In Picus v. Wal-Mart Stores, Inc., No. 2:07-CV-00682 (order filed 03/16/09), a district judge in Nevada construed the Nevada Deceptive Trade Practices Act ("NDTPA"), and in denying certification, distinguished Wiener v. Dannon Co., ___ F.R.D. ___, 2009 WL 383650 (C.D. Cal. Jan. 30, 2009) (discussed in this blog post), in which a district judge in California granted class certification of UCL and CLRA claims based on alleged misrepresentations about the defendants' products. The Nevada judge concluded that the Nevada Supreme Court would not adopt substantive elements of California law (specifically, presumed reliance based on materiality of the misrepresentation or nondisclosure) when construing the NDTPA. Slip op. at 11-12.
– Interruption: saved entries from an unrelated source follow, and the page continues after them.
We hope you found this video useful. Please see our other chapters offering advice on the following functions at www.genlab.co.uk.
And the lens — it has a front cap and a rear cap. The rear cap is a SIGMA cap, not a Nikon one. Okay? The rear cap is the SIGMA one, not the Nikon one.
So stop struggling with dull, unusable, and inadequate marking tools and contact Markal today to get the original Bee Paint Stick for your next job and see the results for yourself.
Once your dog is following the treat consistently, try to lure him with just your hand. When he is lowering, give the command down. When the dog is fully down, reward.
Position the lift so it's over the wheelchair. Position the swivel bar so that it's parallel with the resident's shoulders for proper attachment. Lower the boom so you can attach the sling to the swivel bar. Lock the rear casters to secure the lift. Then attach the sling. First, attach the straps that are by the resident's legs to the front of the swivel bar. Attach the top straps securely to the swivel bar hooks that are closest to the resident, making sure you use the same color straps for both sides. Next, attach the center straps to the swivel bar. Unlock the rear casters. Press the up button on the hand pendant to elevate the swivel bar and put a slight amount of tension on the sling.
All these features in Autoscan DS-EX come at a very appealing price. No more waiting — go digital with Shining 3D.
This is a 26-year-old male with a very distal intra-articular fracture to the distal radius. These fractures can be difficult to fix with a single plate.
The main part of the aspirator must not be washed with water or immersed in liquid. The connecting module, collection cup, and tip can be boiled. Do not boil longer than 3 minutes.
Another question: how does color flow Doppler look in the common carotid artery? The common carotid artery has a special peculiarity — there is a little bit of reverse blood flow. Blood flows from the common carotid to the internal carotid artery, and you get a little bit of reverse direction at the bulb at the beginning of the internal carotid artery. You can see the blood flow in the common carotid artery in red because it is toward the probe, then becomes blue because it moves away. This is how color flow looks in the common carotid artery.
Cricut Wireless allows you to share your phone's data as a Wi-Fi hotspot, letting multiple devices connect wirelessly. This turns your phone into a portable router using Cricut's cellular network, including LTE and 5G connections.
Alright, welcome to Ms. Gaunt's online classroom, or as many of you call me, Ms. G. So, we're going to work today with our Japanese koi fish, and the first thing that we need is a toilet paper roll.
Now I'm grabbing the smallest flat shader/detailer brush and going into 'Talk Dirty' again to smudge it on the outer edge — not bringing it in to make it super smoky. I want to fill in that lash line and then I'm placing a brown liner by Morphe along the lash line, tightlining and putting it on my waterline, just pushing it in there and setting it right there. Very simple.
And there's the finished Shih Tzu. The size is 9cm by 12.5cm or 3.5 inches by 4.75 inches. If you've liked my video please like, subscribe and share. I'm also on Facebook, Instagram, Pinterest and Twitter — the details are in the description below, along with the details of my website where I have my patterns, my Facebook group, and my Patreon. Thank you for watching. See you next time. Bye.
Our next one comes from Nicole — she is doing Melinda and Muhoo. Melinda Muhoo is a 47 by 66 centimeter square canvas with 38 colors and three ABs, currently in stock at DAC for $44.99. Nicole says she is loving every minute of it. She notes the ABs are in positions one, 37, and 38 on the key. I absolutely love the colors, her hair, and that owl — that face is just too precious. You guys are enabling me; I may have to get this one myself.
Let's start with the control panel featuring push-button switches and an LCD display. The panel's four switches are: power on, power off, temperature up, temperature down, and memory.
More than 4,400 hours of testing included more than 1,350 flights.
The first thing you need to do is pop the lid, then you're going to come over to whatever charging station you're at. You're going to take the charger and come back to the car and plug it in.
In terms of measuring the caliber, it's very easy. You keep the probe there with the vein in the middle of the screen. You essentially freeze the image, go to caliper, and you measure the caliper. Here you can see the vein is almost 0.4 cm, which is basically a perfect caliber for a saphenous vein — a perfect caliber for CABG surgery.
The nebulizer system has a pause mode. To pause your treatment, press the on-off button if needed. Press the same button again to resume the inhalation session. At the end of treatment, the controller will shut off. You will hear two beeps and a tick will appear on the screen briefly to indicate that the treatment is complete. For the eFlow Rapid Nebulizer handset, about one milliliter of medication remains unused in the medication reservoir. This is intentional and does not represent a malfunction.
The opinion also asserts that California law "require[s] individual proof of reliance and causation." Id. at 13. That's not correct. Even if proof of reliance and/or causation is required under the UCL or CLRA, that proof is not necessarily, categorically, individualized, as the court seemed to conclude. The opinion itself cites California case law (namely, the Supreme Court's decision in Vasquez) holding that reliance can sometimes be presumed on a classwide basis, even in cases involving common-law fraud.
It's not clear why this decision warranted such extraordinary coverage in the Recorder.